== Work task ==
In the records below, the line that contains "Op de afbeelding: Een" marks the start. Copy it and each line after it through the end, exactly, without pictures.

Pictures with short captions
──────

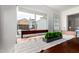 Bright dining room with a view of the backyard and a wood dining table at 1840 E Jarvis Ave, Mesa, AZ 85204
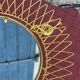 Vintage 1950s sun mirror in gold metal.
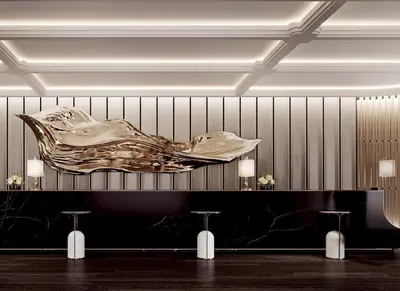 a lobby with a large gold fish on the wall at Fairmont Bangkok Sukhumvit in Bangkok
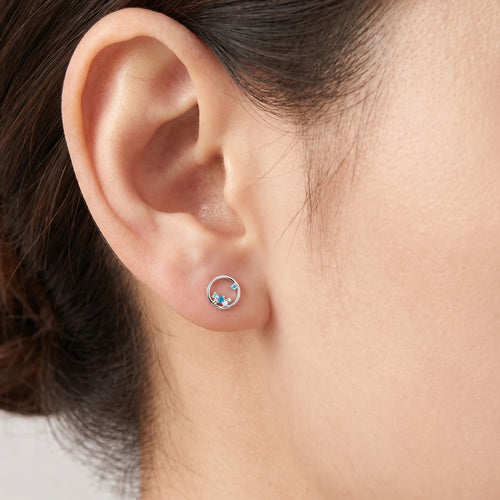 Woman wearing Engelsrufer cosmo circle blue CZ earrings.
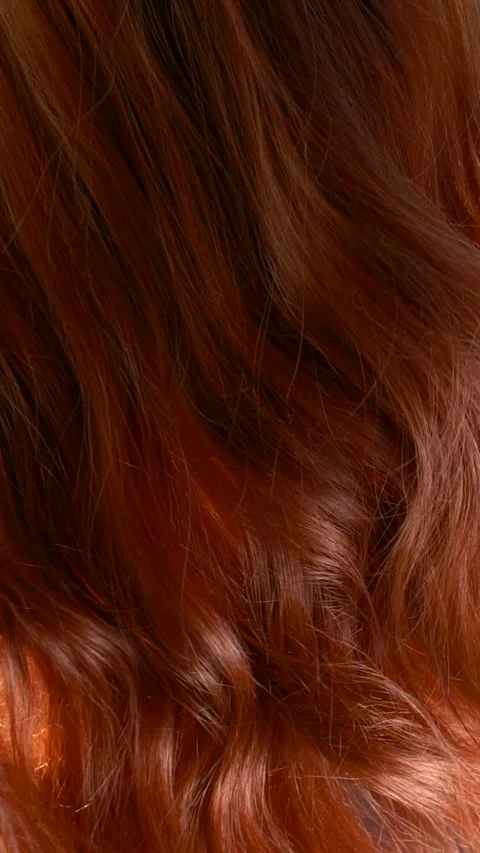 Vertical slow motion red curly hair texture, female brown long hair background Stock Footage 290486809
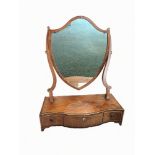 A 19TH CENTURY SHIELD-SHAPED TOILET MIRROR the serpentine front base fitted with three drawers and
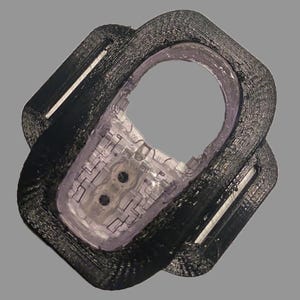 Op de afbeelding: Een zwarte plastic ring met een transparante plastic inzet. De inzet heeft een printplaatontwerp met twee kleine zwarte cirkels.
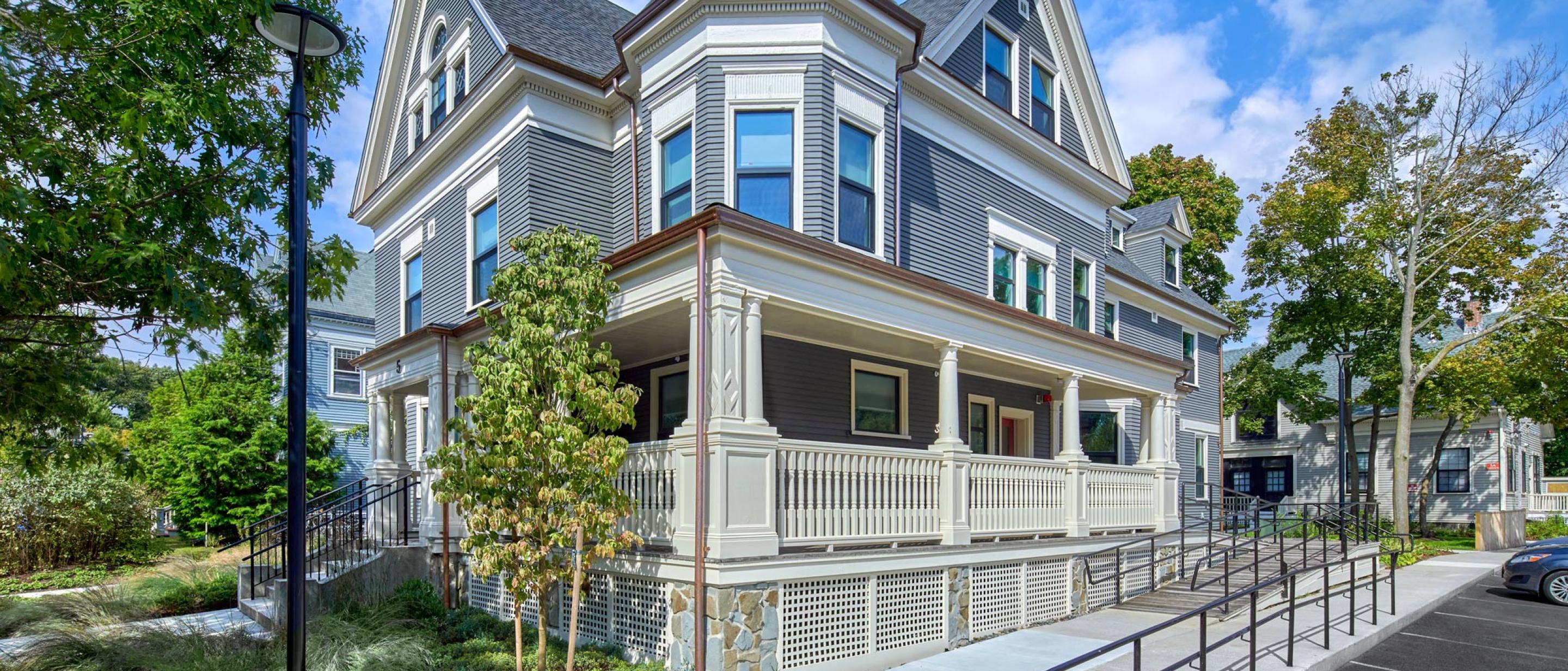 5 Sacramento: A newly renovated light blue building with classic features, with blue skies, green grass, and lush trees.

──────

== Solution for this task ==
 Op de afbeelding: Een zwarte plastic ring met een transparante plastic inzet. De inzet heeft een printplaatontwerp met twee kleine zwarte cirkels.
 5 Sacramento: A newly renovated light blue building with classic features, with blue skies, green grass, and lush trees.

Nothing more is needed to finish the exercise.